As you already know if you’re a regular follower of my blog, I’m getting my novella, “The Misfortunes of Oscar Goldberg”, published in The Fantasist (though later than expected due to unforeseen delays). I’m really excited about it, so it’s a little annoying that when I tell my less bookish friends and acquaintances, their response is often “What’s a novella?”

To spare us all some potential embarrassment, I’ll just casually mention that a novella is a piece of fiction, somewhere between a short story and a novel in length. They are roughly 18,000-40,000 words.

Novellas are the overlooked middle children of the literary world. Novels are where the money’s at. They are the bestsellers and blockbusters. People queue up at midnight to get their hands on some of them. And short stories, nestled securely in literary magazines and winning prestigious prizes, generally get the respect they deserve.

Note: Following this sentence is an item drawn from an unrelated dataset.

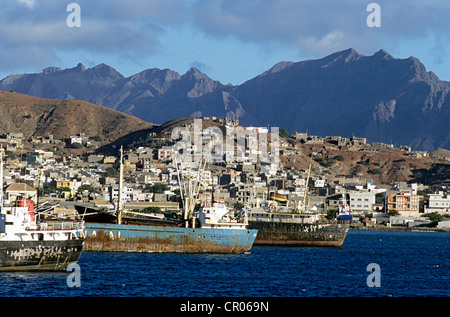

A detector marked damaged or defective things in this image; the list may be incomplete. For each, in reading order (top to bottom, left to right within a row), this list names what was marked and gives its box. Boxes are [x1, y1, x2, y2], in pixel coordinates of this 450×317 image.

rusty cargo ship [79, 147, 258, 253]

So why aren’t more writers working on novellas? Why don’t these compact little books get the marketing attention that weightier tomes have? I’m a huge fan of novellas – from “The Call of the Wild” to “On Chesil Beach” and here are my reasons for writing and reading them.

Why write them?

  • Sometimes a novella is the perfect length for a project. If you have a storyline that is fairly slight, it may not be enough to sustain a novel, but could be just right for a novella. Novellas can also be great for stories that take place over limited timelines. “The Misfortunes of Oscar Goldberg” takes place over one night and one morning (plus a lot of flashbacks) and there just wasn’t enough narrative space to make it into a novel.
  • Writing a novella can be an ideal palate cleanser between bigger projects. If you’re writing a series of chunky, epic fantasy novels, writing a breezy, 20,000 word novella in between them could seem almost restful!
  • A novella could also be the perfect project for NaNoWriMo. Okay, so the goal is to write 50,000 words. But come on, what the hell is that? It’s too long for a novella, and most publishers would consider it too short for a novel. Realistically, it’s two thirds of a short novel or half of a long one. Instead of devoting the whole of November to manically writing half a first draft, why not dedicate it to writing a complete first draft of, say, a 30,000 word novella? More satisfying and less exhausting.

Why read them?

  • If you’re in a reading slump, novellas are ideal for pulling you out of it. When big, fat books look unappealing, an easily digestible novella can sharpen your appetite for books once again.
  • Novellas are useful books when it comes to taking a risk. If you’re not sure about a particular author, or you feel like trying a new genre, you may not want to commit to a long read. But a novella is less intimidating, and sometimes cheaper.
  • The best thing about novellas is that they are absolutely perfect for binge-reading. You can often finish one in an afternoon, or an evening. You can start one after dinner, read until you’re done, then look at the clock and realise it’s not 2am!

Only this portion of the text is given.